In diesen Fällen, in denen weder die Zahlung an einen Dritten noch der subjektive gute Glaube, d. h. die Überzeugung, dass derjenige, der zahlt, an den wahren Gläubiger zahlt, für die befreiende Wirkung der Zahlung ausschlaggebend ist, wird das Zusammentreffen von objektivem gutem Glauben, der sich, wie wir bereits dargelegt haben, aus der Anwendung der gebotenen Sorgfalt ergibt, bestimmt. Nur die Einhaltung einer solchen Sorgfalt, die sich auf die Besonderheiten des jeweiligen Falles bezieht, erlaubt es uns, die Angemessenheit des Anscheins zu bejahen, der die Zahlung an einen Dritten rechtfertigt und die Schuld befreit.

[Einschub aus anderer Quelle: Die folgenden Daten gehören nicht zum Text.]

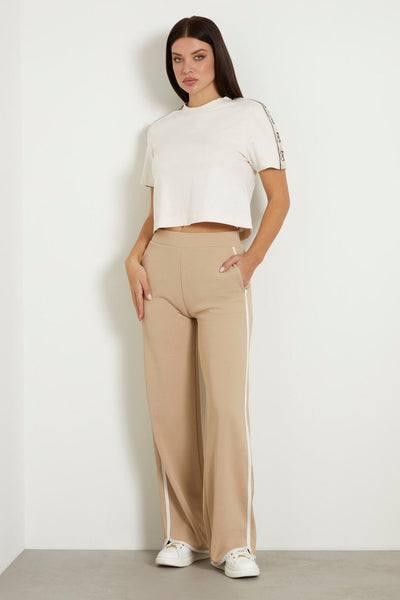 guess T-Shirt Corta Bande Logo Britney Bianco Donna, foto 3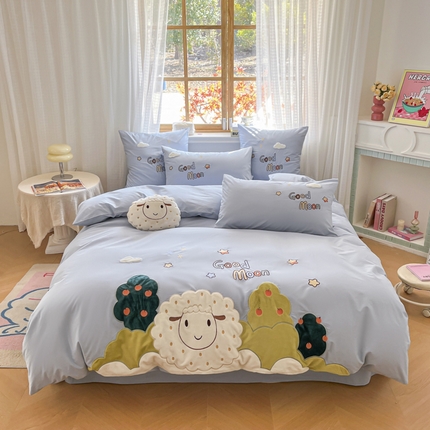 恋绒2025新款亲肤全棉水洗棉纯棉贴布绣立体刺绣四件套系列—暗合款（提供买家秀）（送同款抱枕） 羊咩咩-蓝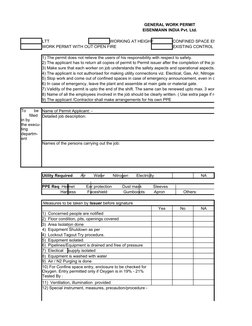 GENERAL WORK PERMIT
EISENMANN INDIA Pvt. Ltd.
LTT
WORKING AT HEIGHT
CONFINED SPACE ENTRY
WORK PERMIT WITH OUT OPEN FIRE
EXIST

Daher ist es nicht möglich, eine allgemeine Antwort auf die gestellte Frage zu geben, sondern wir müssen notwendigerweise die besonderen Umstände jedes einzelnen Falles berücksichtigen.

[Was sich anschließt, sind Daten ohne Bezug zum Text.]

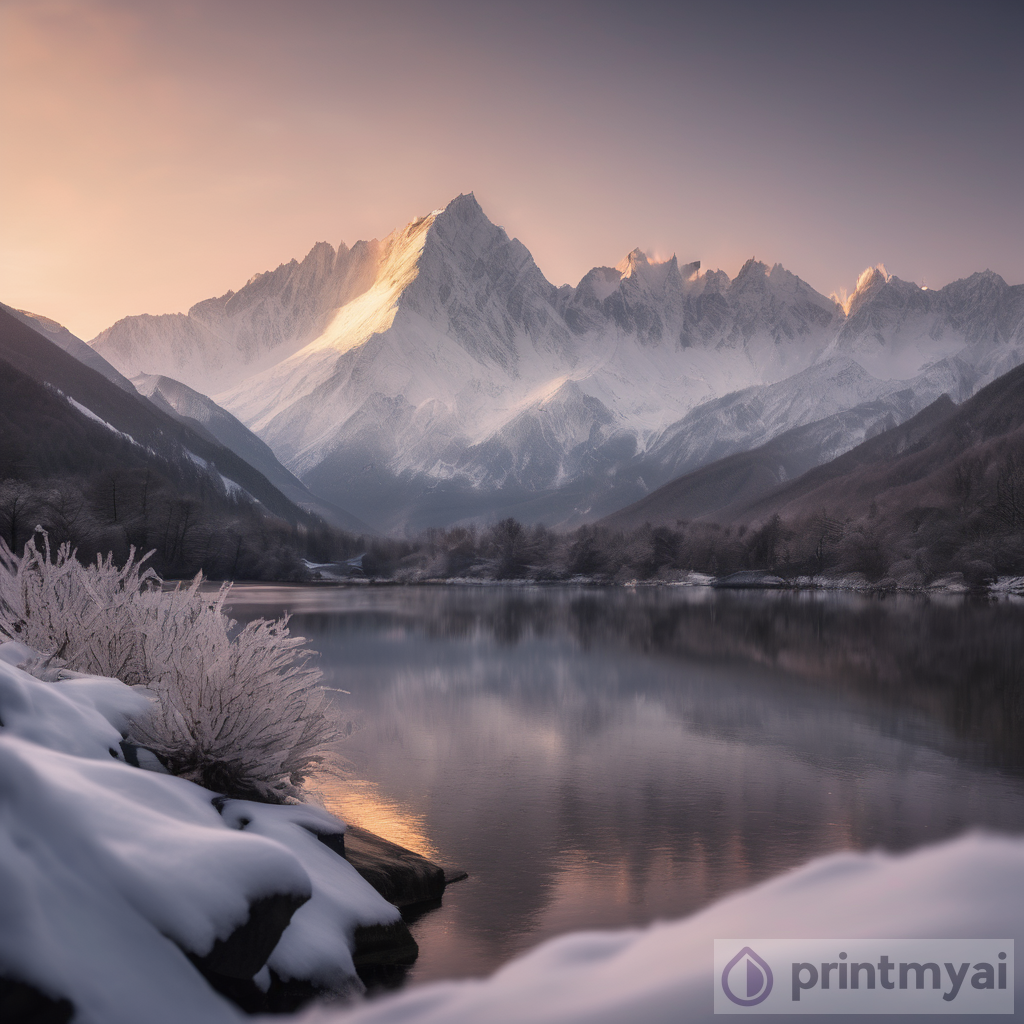 Capturing the Majestic Beauty: A Detailed Photo of Snow-Covered Mountain Peaks at Dawn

Im Gegensatz zu dem vorangegangenen Fall, in dem das Gericht entschied, dass der Schuldner dem wahren Gläubiger den bereits an den Cyberkriminellen gezahlten Betrag zurückzahlen muss, wird in dem folgenden Fall, der vom Handelsgericht Bilbao Nr. 2 in seinem Urteil Nr. 152/2021 vom 11. März entschieden wurde, das Gegenteil festgestellt:

"Mit der Präzisierung, die ich in Bezug auf den Betrag vornehmen werde, wird die Anfechtung zugunsten der Konkurspartei entschieden, da in Anbetracht der Gesamtumstände als erwiesen gelten muss, dass Balzola mit der erforderlichen Sorgfalt gehandelt hat. Er handelte nämlich, nachdem er eine E-Mail von derselben Person, mit der er zuvor die Zahlung vereinbart hatte, und von derselben E-Mail-Adresse erhalten hatte. Noch wichtiger ist, dass er bei der Überweisung eine Quittung erhielt, aus der hervorging, dass der Begünstigte der Überweisung das anfechtende Unternehmen war. Balzola hatte also keinen Grund, eine unerlaubte Handlung zu vermuten, weshalb die von ihm geleistete Zahlung wirksam sein sollte".

 

Zusammenfassend lässt sich also feststellen, dass die befreiende Wirkung einer vom Schuldner in gutem Glauben an einen Dritten, der nicht der Gläubiger ist, geleisteten Zahlung davon abhängt, ob der Gläubiger mit der gebotenen Sorgfaltspflicht gehandelt hat, und dass es nicht möglich ist, eine einheitliche Antwort für alle Fälle zu finden. Zu diesem Zweck ist es wichtig, die Umstände jedes einzelnen Falles zu bewerten, indem zahlreiche Elemente beachtet werden, wie z. B.: (i) die vom Täter verwendete E-Mail-Adresse; (ii) das Vorhandensein offensichtlicher äußerer Anzeichen, die auf ein mögliches Hacking hinweisen; (iii) das Vorhandensein früherer Geschäftsbeziehungen, bei denen die Zahlung auf ein anderes Konto oder über einen anderen Kontakt erfolgte; usw.